**Your assignment**
Please set down the data word for word; images do not go in the copy.

**Data section**
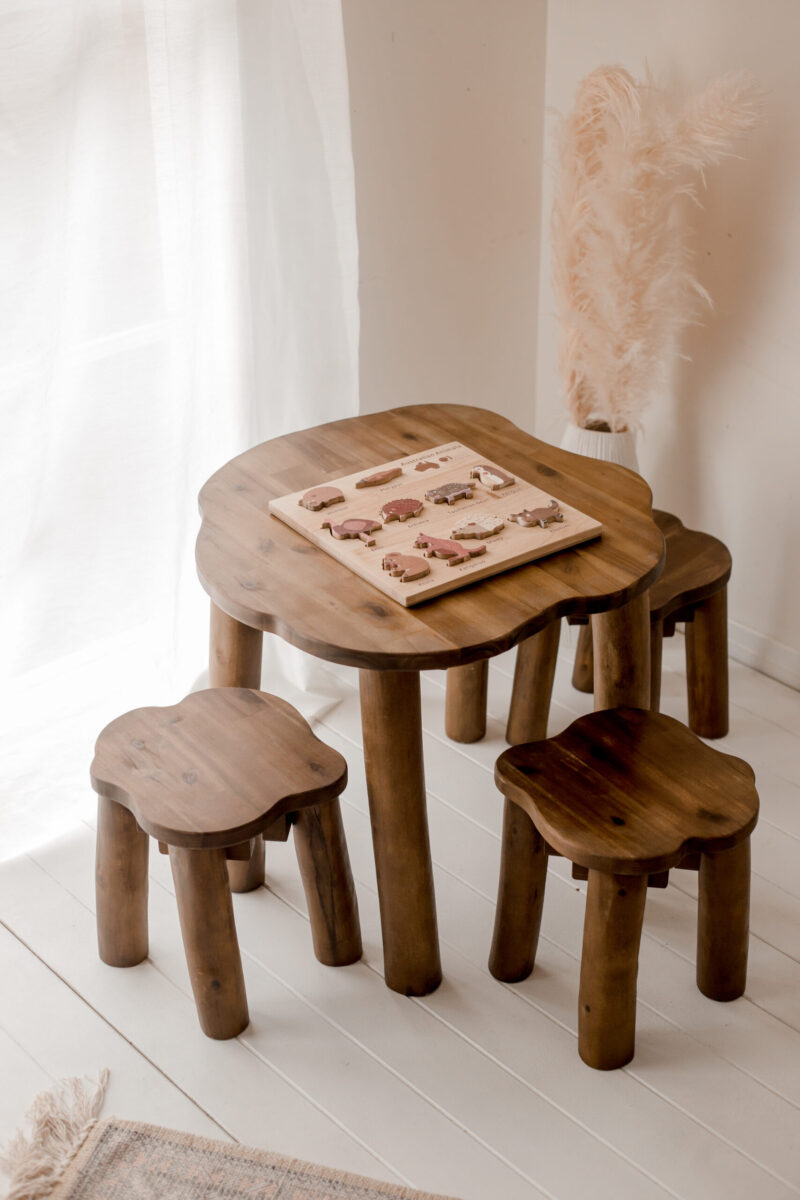 Hardwood Tree Table and 3 Stools Set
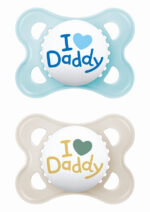 MAM Original Orthodontic Pacifier I Love Daddy Blue⁄Cream 2-6 months (2pcs) (115SB1c) - Image 2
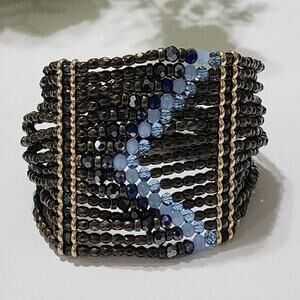 WHBM jeweled boho‎ stretch multi strand statement bracelet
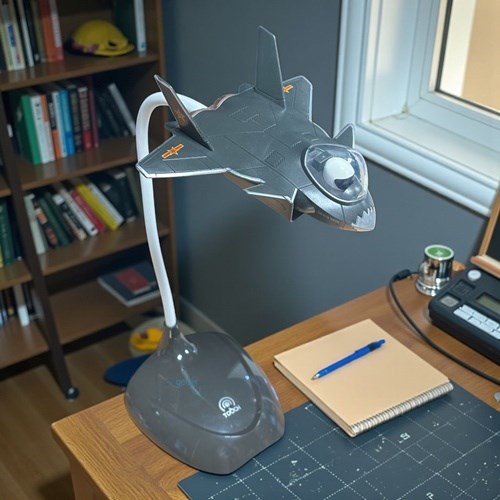 Jet Uçak Figürlü Masa Lambası Koyu Yeşil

**Expected answer**
 Hardwood Tree Table and 3 Stools Set
 MAM Original Orthodontic Pacifier I Love Daddy Blue⁄Cream 2-6 months (2pcs) (115SB1c) - Image 2
 WHBM jeweled boho‎ stretch multi strand statement bracelet
 Jet Uçak Figürlü Masa Lambası Koyu Yeşil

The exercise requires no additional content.